- [Exercise prompt] Make an exact copy, from the records below, of the lines from the line containing "Bangalô 5 - Praia" to the line containing "Guest house Privee", both lines included, excluding pictures.

- [Input records]
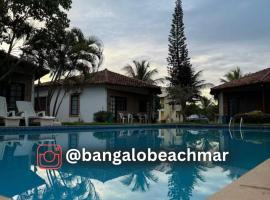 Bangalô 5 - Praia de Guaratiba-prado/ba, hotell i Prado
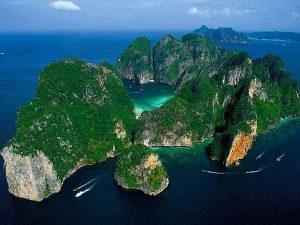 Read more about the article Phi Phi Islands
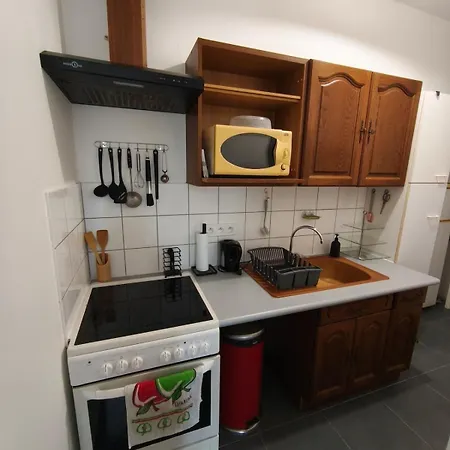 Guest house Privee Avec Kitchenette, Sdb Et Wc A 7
...
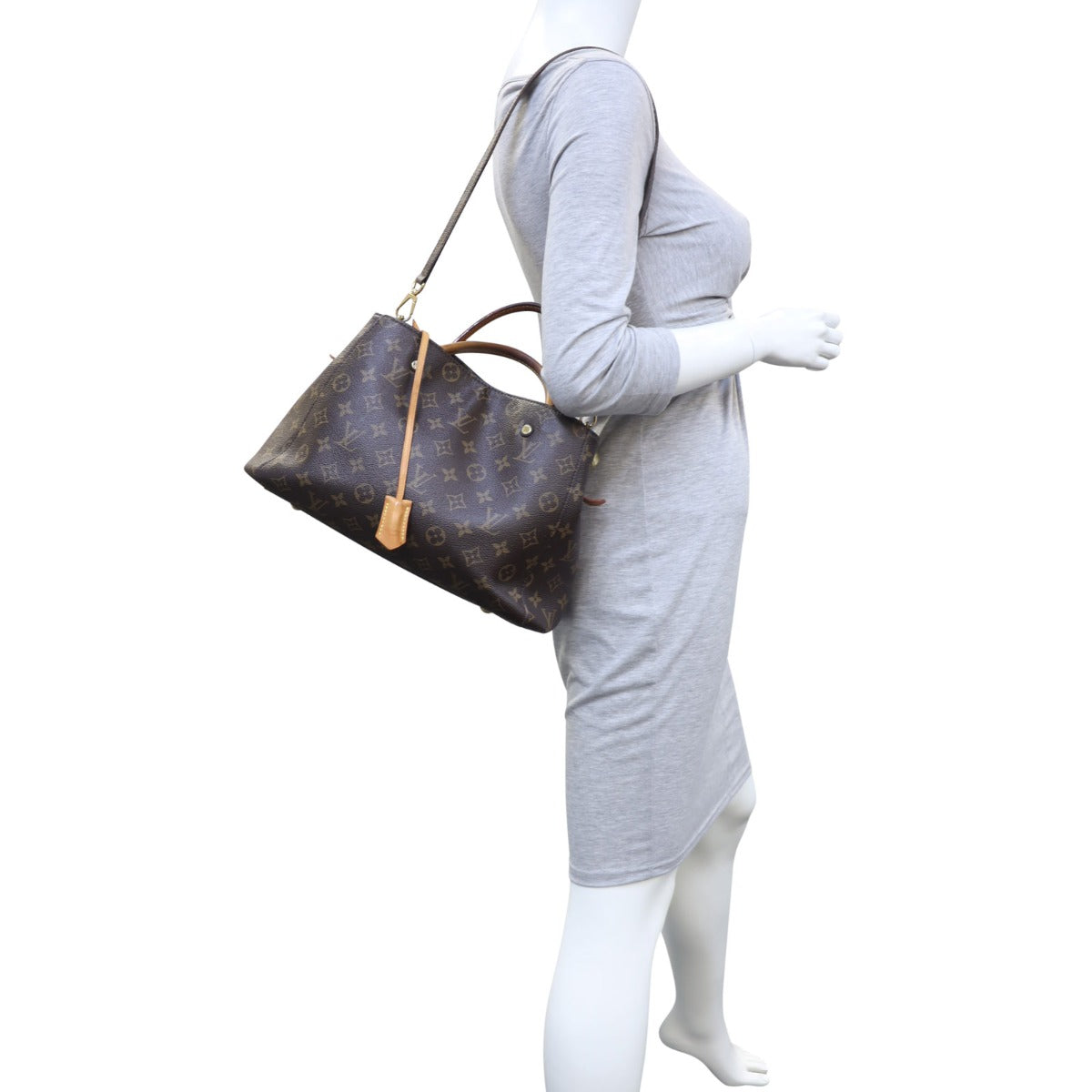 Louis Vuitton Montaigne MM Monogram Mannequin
* * *
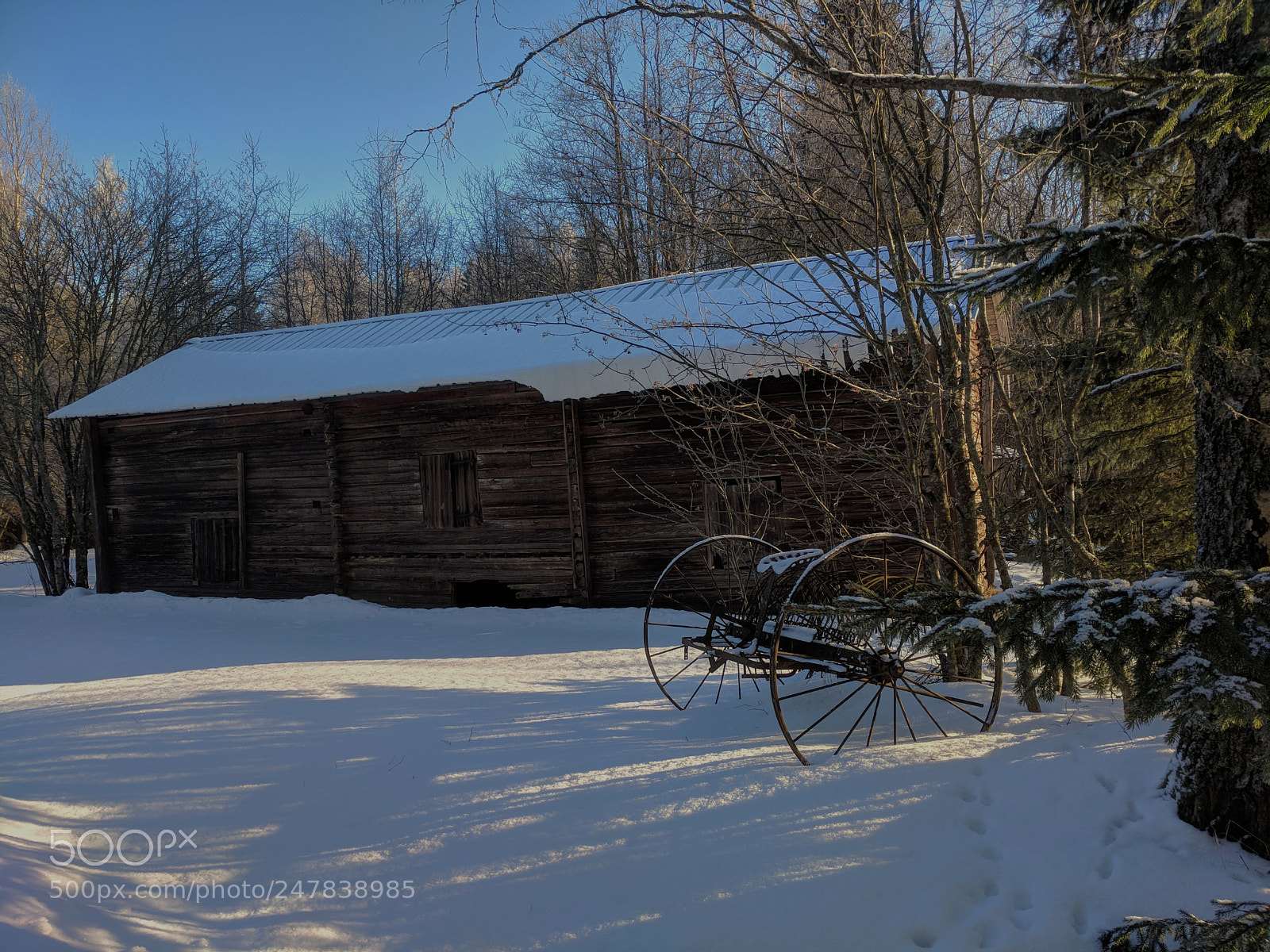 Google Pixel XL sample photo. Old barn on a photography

- [Output]
 Bangalô 5 - Praia de Guaratiba-prado/ba, hotell i Prado
 Read more about the article Phi Phi Islands
 Guest house Privee Avec Kitchenette, Sdb Et Wc A 7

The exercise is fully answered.